• **Problem to solve**
In the entries that follow, copy exactly each line from the first through the line with "undefined Fabhotel The Dreams 9".

══ Records for this exercise ══

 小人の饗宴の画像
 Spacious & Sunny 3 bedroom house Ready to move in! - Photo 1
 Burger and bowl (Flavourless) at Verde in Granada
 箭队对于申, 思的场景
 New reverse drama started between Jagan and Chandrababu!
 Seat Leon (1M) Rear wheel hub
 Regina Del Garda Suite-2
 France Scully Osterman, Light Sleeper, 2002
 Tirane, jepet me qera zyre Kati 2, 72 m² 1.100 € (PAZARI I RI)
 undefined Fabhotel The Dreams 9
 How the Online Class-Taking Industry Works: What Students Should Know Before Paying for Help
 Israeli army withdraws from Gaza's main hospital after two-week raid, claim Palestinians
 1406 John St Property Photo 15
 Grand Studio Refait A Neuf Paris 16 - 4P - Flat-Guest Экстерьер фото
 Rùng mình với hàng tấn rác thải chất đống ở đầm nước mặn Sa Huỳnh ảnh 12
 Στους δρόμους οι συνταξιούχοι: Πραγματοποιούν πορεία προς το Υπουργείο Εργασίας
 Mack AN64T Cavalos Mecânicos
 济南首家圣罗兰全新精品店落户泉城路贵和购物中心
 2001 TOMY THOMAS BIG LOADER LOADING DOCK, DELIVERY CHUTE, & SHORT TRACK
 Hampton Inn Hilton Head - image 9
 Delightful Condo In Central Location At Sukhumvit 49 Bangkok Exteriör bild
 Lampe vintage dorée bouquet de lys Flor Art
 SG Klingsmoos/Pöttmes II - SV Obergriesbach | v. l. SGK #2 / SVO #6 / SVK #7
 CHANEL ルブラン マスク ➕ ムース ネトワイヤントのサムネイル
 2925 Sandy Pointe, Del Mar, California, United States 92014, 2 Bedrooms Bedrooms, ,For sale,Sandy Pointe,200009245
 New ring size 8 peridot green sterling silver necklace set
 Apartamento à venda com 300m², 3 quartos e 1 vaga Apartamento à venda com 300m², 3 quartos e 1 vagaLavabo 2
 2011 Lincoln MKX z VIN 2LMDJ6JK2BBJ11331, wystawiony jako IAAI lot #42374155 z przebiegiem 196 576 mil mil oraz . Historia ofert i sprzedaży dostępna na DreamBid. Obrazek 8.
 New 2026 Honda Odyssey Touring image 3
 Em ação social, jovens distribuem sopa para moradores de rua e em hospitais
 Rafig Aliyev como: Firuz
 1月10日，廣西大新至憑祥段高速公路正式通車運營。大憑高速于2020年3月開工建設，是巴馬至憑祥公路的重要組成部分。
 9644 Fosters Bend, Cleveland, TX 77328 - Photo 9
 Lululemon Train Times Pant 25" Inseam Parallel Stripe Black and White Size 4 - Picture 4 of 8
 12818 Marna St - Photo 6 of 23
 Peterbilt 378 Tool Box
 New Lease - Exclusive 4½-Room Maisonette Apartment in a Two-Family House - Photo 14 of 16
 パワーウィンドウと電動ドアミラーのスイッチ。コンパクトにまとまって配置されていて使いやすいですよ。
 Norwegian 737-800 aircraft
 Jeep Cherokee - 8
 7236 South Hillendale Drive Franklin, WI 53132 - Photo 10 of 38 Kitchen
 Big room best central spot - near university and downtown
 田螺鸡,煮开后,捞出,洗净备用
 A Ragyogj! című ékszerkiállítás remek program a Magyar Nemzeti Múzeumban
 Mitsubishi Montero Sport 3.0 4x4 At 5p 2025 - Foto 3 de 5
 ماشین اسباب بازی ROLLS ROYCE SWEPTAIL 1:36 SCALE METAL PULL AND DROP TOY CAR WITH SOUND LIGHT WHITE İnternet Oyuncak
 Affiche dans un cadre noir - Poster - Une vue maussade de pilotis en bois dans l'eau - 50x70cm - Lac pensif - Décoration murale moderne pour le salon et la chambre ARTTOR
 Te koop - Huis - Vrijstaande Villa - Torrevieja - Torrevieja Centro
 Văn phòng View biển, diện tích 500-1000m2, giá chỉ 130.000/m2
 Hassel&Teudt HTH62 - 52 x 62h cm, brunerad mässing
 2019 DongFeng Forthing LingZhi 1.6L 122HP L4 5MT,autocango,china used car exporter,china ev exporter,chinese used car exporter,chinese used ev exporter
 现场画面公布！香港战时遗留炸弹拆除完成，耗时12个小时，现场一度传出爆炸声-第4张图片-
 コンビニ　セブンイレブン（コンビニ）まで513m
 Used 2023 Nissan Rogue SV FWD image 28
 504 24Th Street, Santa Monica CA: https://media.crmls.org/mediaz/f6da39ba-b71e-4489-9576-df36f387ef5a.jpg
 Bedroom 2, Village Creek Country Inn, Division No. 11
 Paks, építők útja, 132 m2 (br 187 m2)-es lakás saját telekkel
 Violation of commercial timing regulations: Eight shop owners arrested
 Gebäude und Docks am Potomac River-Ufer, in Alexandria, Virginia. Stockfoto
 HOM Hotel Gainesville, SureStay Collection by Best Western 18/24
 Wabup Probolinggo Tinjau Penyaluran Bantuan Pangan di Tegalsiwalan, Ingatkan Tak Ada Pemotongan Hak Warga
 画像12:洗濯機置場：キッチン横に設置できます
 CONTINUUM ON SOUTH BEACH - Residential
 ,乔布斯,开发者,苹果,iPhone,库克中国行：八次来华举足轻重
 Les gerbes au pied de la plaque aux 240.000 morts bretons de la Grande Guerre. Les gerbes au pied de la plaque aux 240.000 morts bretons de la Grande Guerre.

═══

• **Exercise response**
 小人の饗宴の画像
 Spacious & Sunny 3 bedroom house Ready to move in! - Photo 1
 Burger and bowl (Flavourless) at Verde in Granada
 箭队对于申, 思的场景
 New reverse drama started between Jagan and Chandrababu!
 Seat Leon (1M) Rear wheel hub
 Regina Del Garda Suite-2
 France Scully Osterman, Light Sleeper, 2002
 Tirane, jepet me qera zyre Kati 2, 72 m² 1.100 € (PAZARI I RI)
 undefined Fabhotel The Dreams 9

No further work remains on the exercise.